Especialistas consideram que a democracia participativa é uma alternativa à representativa. Isso porque as instituições, apesar de conterem entes eleitos pelo povo, são limitadas em abarcar as demandas da sociedade. Por isso, envolver a população é fundamental: as atividades que são consideradas parlamentares passam a ser cotidianas da população. No entanto, o grau de eficácia depende da mobilização social. Em campos, por exemplo, como a saúde pública, realizar conferências têm uma grande influência na implementação de ações mais direcionadas para o setor - não apenas definindo diretrizes, mas também fiscalizando a execução de projetos.

Apesar de necessárias, as consultas públicas, um dos mecanismos da democracia participativa, ainda enfrentam desafios. Antônio Gomes Moreira Maués, professora titular da Faculdade de Direito da Universidade Federal do Pará (UFPA), explica que é fundamental que um grande número de pessoas seja envolvido no processo para que ele tenha sucesso. “No Brasil, o voto é obrigatório e, portanto, a ampla maioria da sociedade participa, quando você cria esses canais de democracia participativa, quando você realiza consultas públicas, é importante envolver o maior número de pessoas interessadas, de grupos sociais, organizações da sociedade civil para que ela seja realmente representativa”.

Pouco avanço

O professor destaca que, mesmo com a importância do processo, pouco avanço foi feito nas últimas décadas. “Os instrumentos de democracia participativa avançaram mais em alguns campos do que em outros”, afirma. No que se refere a políticas públicas sociais, uma série de ferramentas foi desenvolvida, como conselhos municipais, estaduais e federais, realidade que não é tão vista quando o assunto é economia. “Decisões de caráter econômico, por exemplo, em geral estão isoladas e não contam com esses mecanismos de consultas públicas. Decisores sobre investimento público, sobre obras de infraestrutura, não costumam ser submetidos a uma consulta a menos que haja uma questão ambiental envolvida”.

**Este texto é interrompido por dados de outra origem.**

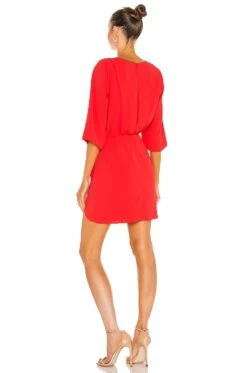 Demetra Dress Crimson 7 Demetra Dress Crimson -Camila coelho Shop AMAN WD1152 V3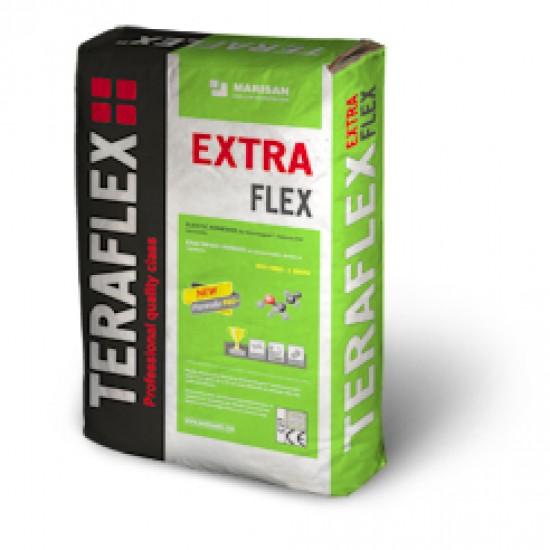 ТЕРАФЛЕКС EXTRA FLEX  флексово лепило с фибри - торба 25 кг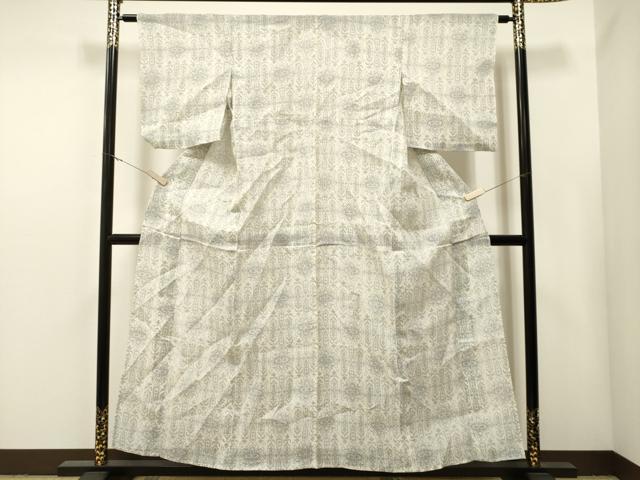 平和屋着物*夏物 上布 吉祥文 麻 逸品 CAAV3631dy
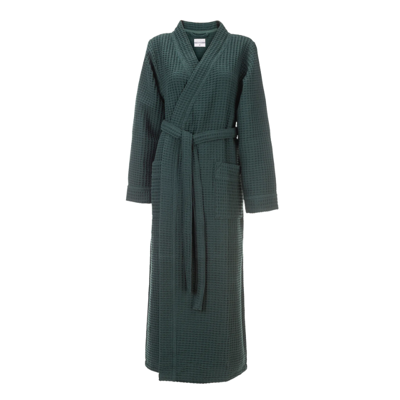 Luxe Wafel Badjas Wafelstructuur Army Green XL Zo!Home - Dekbed-Discounter.nl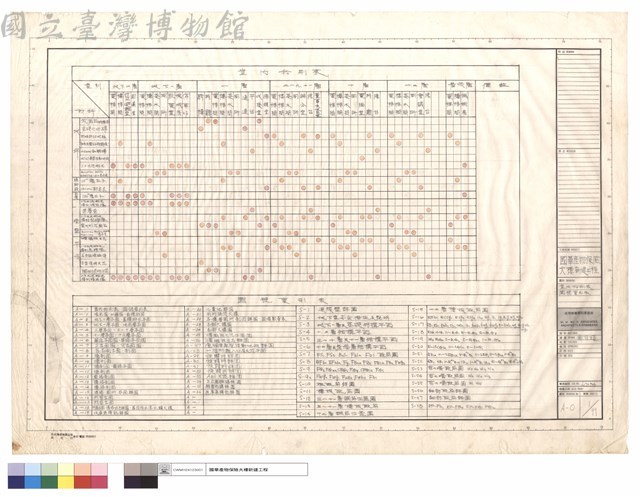室內粉刷表及圖號索引表藏品圖，第1張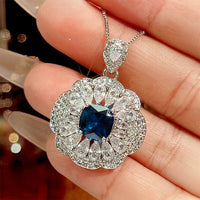 Zirave Jewelry Floral Cushion Cut Simulated Gem Jewelry Collection, Nicklace; Open Ring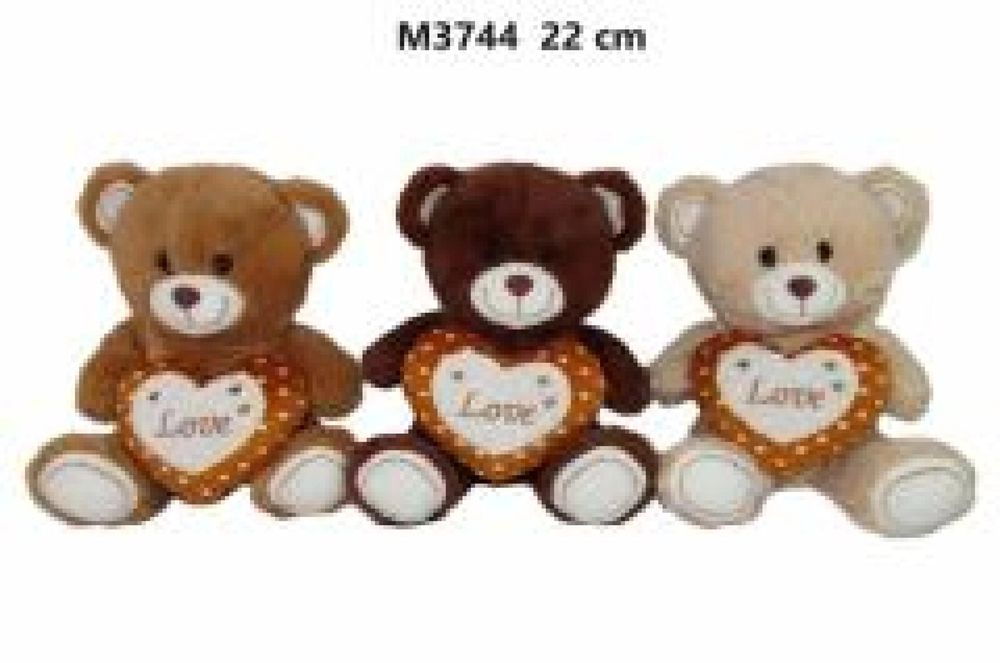 Miś z sercem 22cm MIX ,205x239 mm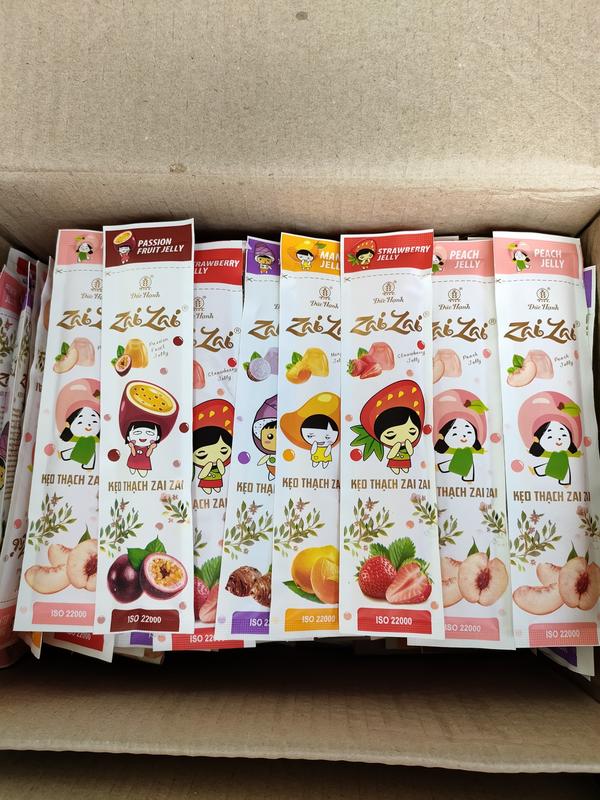 Sỉ Thùng 5 Kg Kẹo thạch Zaizai Đức Hạnh mẫu mới gói dài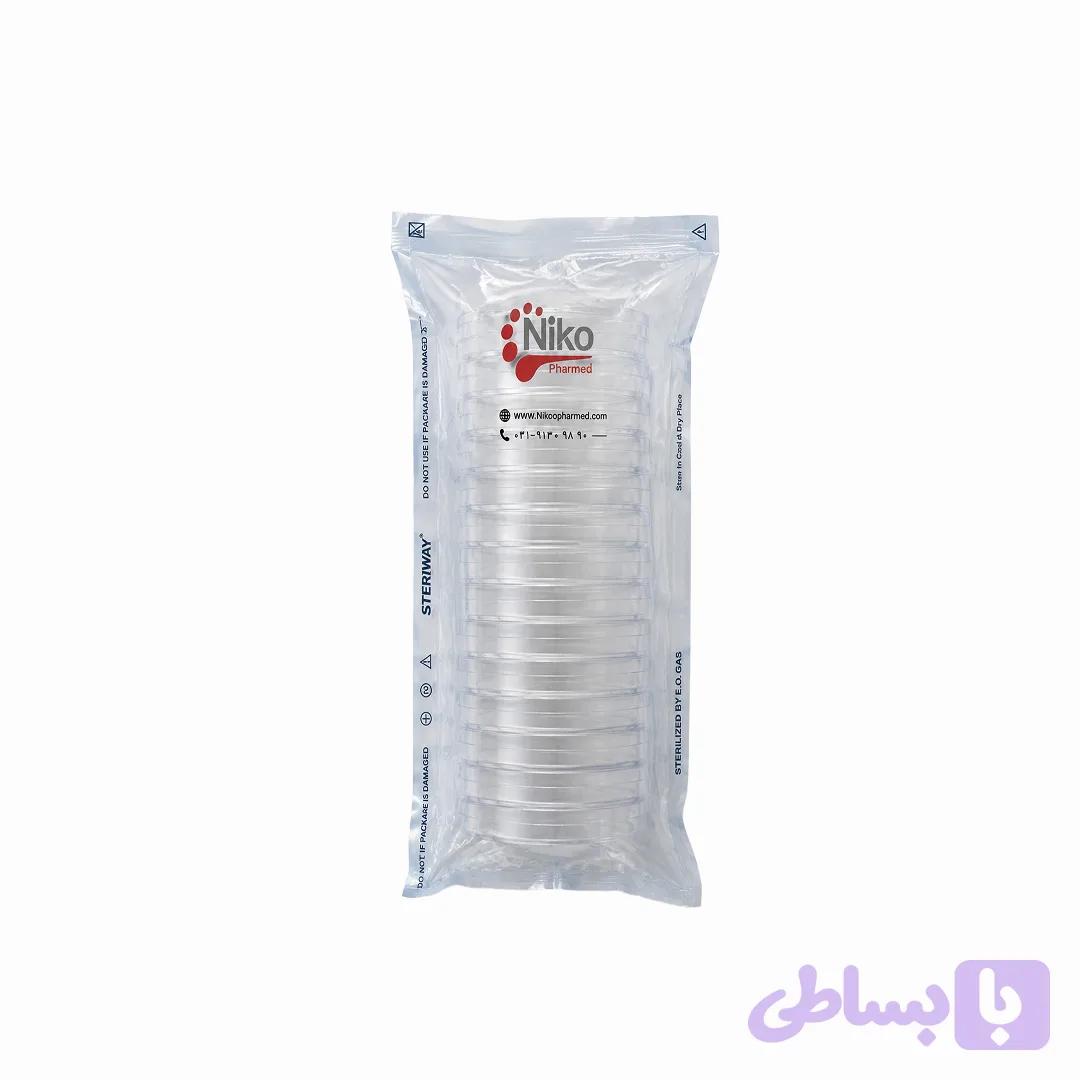 پلیت یکبار مصرف استریل 8 سانت(پتری دیش) نیکو — تصویر 1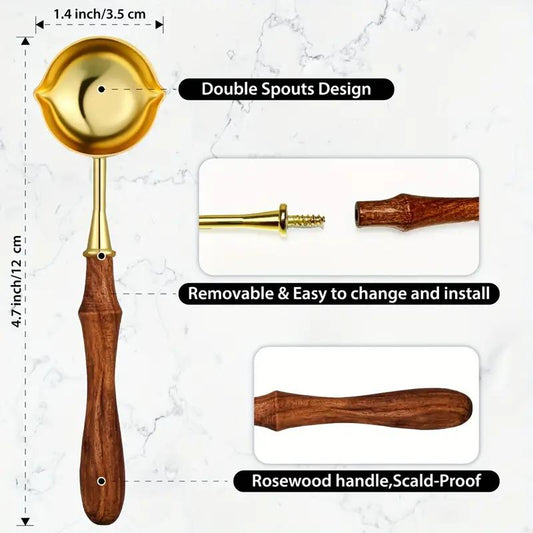 1pc Extended Wax Spoon for Wax Sealing Heater DIY Decorations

Em 2012, o Pará passou por uma consulta pública para saber a opinião da população sobre a divisão do estado. A ação do governo estava vinculada à decisão do povo e, por isso, não houve a criação de novas unidades federativas a partir do território paraense. Antônio Gomes lembra que “essa é uma decisão que nós chamamos de caráter vinculante, ou seja, o poder público tem que seguir aquilo que foi decidido pela população em plebiscito”. “Portanto, consultas públicas são esses mecanismos, esses instrumentos, por meio das quais o Estado, o poder público, ouve à sociedade no seu processo de tomada de decisões, ouve à sociedade para tomar as decisões sobre um determinado tema de interesse público”.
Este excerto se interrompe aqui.